Even after China has joined the World Trade Organization, there will be a grace period of five years before foreign banks can compete head-on with local banks. But that still represents an ambitious timetable for reform. There has been progress, but the sheer scale of China’s banking system, the need to adopt new accounting standards and the number of bad loans present hurdles.

Author: Gill Baker

China's banking system faces the kinds of challenges being grappled with by bankers worldwide - except that the sheer size of its industry presents a new level of complexity. The analogy of the oil tanker that needs a lot of space and time to change course is particularly apt in China's case. And the task is made more daunting still by the need to get reform in place before World Trade Organization rules come into force, thereby opening up the market to a wave of international banks with massive experience and powerful brands.

The timeframe for the PRC's entry is still hazy, although most commentators are reckoning on the end of this year.

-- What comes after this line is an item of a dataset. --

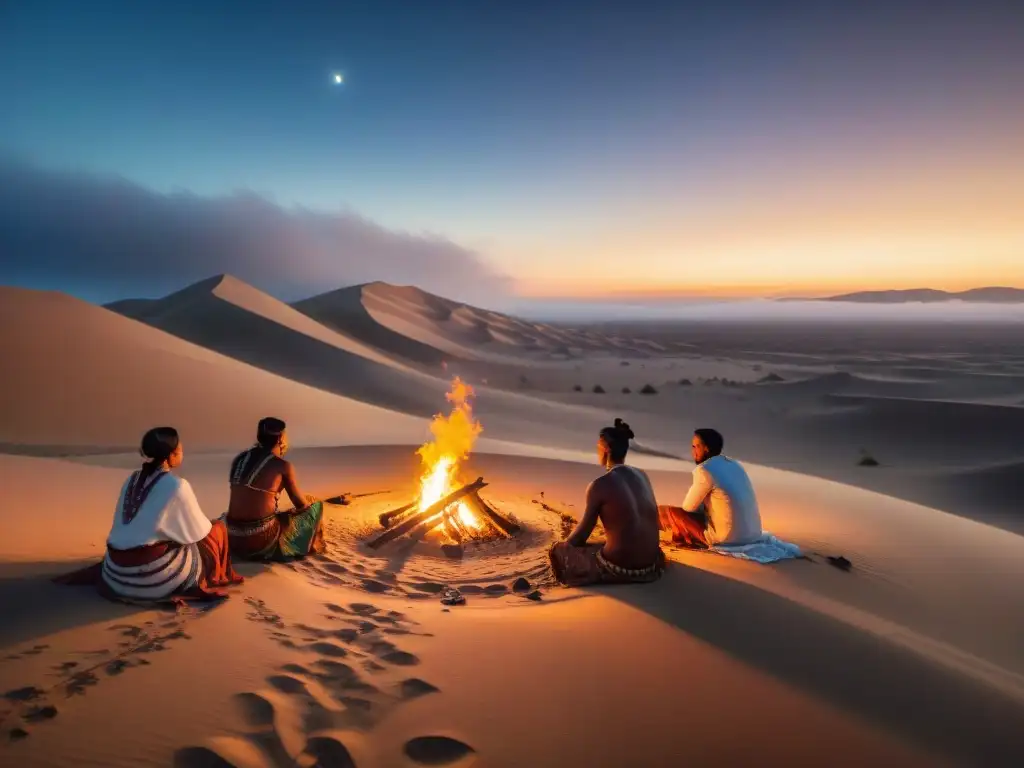 Renacimiento espiritual entre tribus nómadas en ceremonia nocturna en el desierto estrellado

Nevertheless it has focused the minds of bankers and regulators to a sufficient degree for a raft of new rules to be issued in an attempt to strengthen balance sheets and clean up institutions ready for the arrival of international competition.

There is not going to be a sudden takeover of the mainland's banking industry by foreign players. In the first two years of the WTO regime, banks will not be affected at all. After that, investment banking will be opened up to foreign competition, but that should have little impact on domestic institutions, which tend to focus more on retail and commercial business anyway.